Date:    Mon, 22 Mar 2021 22:08:45 +0100
From:    "Jacques ANDRÉ" <jacques.andre35@xxxxxxxxx>



Le 22 mars 2021 à 19:18, <thuwart@xxxxxxxxxxx> <thuwart@xxxxxxxxxxx> a écrit :

Bonjour à la liste,
 
Juste par curiosité et parce que je me pose la question depuis quelque temps sans savoir où m’adresser pour avoir une réponse : Selon vos connaissances, vos contacts ou votre expérience, sauriez-vous me dire quand le caractère « W » est apparu chez nous (et pourquoi) ?

La lettre w est issue des langues germaniques au Moyen-Âge.
En français du Moyen-Âge (et en latin depuis lors), il a essentiellement servi à écrire de (très rares) noms propres d’origine anglaise, allemande ou slave. 
En français populaire, les sons Goué-goua (pardon, pas d’alphabet phonétique sous la main) s’écrivaient Gvé et Wa (et on retrouve ça dans la toponymie avec beaucoup de « pointe de la garde » écrites « pointe de la Waarde).
Vous trouverez surement des détails dans toute bonne histoire de la langue française ! 
Mais comme on est sur une liste de typo, qq mots sur l'apparition des types W et w dans les imprimés français.
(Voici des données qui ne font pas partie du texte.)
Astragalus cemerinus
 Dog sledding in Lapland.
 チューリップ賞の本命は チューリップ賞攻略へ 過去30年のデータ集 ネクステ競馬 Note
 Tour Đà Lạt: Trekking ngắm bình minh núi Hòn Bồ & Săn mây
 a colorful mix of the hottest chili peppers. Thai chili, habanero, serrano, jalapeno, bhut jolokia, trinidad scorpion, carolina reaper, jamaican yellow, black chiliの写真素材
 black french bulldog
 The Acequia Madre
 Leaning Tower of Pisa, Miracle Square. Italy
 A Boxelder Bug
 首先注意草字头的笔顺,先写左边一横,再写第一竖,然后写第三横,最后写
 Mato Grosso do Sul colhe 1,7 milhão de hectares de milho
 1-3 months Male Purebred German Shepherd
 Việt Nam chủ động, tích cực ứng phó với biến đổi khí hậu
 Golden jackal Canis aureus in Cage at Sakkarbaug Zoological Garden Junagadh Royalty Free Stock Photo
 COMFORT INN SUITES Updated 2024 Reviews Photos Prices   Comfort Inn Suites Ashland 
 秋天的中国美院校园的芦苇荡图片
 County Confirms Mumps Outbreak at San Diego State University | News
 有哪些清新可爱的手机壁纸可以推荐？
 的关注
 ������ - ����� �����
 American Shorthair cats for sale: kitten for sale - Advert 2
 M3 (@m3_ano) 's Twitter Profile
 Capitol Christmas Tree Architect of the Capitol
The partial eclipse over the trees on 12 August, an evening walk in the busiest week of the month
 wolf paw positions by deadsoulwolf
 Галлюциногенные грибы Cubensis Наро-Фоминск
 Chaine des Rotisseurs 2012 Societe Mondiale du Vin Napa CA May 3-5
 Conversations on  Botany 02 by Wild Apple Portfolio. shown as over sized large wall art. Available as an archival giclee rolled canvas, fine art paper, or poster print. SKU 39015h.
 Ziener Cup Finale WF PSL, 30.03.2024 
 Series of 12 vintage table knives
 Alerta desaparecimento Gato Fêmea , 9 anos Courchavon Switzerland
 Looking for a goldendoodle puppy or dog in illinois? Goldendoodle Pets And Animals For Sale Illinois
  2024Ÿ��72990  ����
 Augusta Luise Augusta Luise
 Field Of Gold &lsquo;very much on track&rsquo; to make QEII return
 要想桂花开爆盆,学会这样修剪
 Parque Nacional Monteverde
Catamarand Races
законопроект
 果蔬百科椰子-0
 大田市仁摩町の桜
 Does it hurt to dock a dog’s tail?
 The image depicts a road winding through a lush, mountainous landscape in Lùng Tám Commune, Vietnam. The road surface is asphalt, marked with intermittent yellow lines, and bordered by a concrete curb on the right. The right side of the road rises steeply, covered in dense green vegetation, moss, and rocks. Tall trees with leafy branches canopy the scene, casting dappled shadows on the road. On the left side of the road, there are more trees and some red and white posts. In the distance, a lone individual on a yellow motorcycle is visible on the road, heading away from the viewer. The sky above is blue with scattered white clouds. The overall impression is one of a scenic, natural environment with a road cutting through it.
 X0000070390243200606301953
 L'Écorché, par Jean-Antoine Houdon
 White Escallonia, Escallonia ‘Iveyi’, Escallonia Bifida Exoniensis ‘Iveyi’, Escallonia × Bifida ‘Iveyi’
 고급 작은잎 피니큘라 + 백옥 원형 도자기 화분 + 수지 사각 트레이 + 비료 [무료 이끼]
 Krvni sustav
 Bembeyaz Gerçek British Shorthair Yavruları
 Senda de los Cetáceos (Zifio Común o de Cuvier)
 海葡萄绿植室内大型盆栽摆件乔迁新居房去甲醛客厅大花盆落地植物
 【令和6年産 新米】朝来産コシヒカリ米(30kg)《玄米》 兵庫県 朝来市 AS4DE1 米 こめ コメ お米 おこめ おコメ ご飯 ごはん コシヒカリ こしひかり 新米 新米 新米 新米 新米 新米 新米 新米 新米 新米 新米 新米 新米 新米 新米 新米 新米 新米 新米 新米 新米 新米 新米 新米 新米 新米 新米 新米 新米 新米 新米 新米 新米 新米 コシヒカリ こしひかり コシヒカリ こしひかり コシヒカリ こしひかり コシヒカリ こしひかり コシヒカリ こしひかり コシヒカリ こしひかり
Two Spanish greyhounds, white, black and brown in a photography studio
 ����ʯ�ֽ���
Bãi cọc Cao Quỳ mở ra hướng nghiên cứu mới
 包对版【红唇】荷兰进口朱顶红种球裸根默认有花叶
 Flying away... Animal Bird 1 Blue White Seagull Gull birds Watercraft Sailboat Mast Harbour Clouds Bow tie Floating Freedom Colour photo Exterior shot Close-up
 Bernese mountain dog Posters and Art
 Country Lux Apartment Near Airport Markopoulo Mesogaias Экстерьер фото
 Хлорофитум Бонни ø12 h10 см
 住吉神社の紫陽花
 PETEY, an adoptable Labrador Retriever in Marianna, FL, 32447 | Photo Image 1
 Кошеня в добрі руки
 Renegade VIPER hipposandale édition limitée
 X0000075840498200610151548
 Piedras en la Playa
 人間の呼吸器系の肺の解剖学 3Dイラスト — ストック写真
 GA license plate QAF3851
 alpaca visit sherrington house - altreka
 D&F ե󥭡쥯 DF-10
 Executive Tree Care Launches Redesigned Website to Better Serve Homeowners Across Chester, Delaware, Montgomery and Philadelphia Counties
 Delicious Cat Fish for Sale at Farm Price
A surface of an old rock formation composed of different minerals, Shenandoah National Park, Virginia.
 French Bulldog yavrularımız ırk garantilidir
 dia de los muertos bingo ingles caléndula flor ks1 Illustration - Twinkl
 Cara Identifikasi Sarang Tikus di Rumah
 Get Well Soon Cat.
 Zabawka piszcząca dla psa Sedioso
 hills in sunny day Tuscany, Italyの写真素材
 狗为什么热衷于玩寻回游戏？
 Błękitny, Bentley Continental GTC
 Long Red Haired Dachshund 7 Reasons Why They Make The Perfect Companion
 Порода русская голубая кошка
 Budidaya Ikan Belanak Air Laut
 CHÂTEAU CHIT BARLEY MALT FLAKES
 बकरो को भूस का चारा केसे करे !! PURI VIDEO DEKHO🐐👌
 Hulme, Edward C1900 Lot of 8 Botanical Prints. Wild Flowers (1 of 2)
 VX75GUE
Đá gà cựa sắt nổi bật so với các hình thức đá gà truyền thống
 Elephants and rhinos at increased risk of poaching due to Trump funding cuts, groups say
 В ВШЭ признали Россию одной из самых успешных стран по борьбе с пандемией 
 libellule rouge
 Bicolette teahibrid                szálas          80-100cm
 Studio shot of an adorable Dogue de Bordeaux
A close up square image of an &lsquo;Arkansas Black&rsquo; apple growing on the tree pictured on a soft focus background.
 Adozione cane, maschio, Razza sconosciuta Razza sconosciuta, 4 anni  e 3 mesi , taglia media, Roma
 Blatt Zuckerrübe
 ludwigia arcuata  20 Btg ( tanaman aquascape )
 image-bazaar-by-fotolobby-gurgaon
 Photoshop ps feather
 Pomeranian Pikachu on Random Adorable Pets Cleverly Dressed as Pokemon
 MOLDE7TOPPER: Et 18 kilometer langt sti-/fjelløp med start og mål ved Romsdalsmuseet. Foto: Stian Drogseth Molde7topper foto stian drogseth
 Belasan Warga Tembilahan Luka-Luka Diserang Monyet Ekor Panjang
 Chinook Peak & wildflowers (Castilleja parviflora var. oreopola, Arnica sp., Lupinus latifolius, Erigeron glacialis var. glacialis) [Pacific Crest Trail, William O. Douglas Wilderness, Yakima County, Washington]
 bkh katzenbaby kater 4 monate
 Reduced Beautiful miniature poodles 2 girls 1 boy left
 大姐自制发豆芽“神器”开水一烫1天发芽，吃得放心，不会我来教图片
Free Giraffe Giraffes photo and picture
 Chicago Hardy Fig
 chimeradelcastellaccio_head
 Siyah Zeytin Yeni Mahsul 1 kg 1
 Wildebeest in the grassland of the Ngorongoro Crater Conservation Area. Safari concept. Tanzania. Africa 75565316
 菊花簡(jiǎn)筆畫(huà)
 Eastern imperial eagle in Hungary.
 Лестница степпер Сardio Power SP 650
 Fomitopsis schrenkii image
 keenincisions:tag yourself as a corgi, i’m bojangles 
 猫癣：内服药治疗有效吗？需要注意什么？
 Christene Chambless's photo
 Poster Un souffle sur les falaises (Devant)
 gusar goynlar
La lettre W n’apparait dans les imprimés français qu’au milieu du XVIe siècle. AMHA, parmi les toutes premières apparition de W  il y a les couvertures de l’imprimeur parisien (d’origine flamande) André Wechel: il avait probablement fait graver ce caractère juste pour ses propres besoins : écrire son nom sur la couverture ! C’est par exemple le cas du  Tiers liuvre… de Pantagruel (1546) [scan aux BVH] et du Traicté de la peste, de la petite verolle & rougeolle.. d’Ambroise Paré,  A Paris, De l’Imprimerie d’André  Wechel … 1568. [voir la version numérisée sur le site de Gallica]. Ce livre  de Paré a été intégralement composé en Garamond*. Mais, à part le grand titre, pas le moindre w dans ces deux bouquins.
* Petit détail cocasse : Il traine partout sur le web une planche [issue du livre de Nina Catach] montrant les « caractères authentiques du Garamond » où il y a un splendide W. En fait cette planche est moderne (vers 1950) et représente les caractères imprimés à partir des matrices de ce Garamond qui sont conservées au Musée Plantin à Anvers, matrices où Plantin avait ajouté, sans doute dans les années 1600, un W (qui d’ailleurs n’est pas du même œil que le reste de la fonte). En fait Garamont n’a pas gravé le moindre W.
On connaît aussi un w (bdc seul) dans un Petit-parangon italique de Granjon (1554). Mais là aussi cette lettre n'apparait que dans une planche du Musée Plantin (vers 1950). 
Pas l’impression que Granjon lui non plus ait gravé des w.

AU XVIIe, on trouve des grands titres ode le W cap est remplacé par VV (toute comme le É est imprimé E'). 

Au XVIIIe siècle, il n’y pas beaucoup de w non plus dans les imprimés français. Dans sa police pour le Caractère romain, Fournier donne en 1764 les proportions (arrondies) de 10 000 (nombre de e) à 100 (nombre de w) ; je suppose d'ailleurs qu'il a arrondi à 100 un nombre très inférieur !
Les plans de casses anciennes n'avaient pas de w. Lequel a été mis avec ç, k et autres caractères bizarres, dans le haut de la casse du bas, loin de la main.

Jusqu’au siècle avant-dernier, les dictionnaires ne donnaient que quelques rares mots commençant par w ; ils n’avaient d’ailleurs pas toujours une entrée spéciale pour cette lettre (les w… étaient alors mis avec le V).

Aujourd'hui, des dessinateurs de caractères râlent contre ce w très difficile à concevoir... (notamment à cause des pointes du bas, mais aussi des diagonales).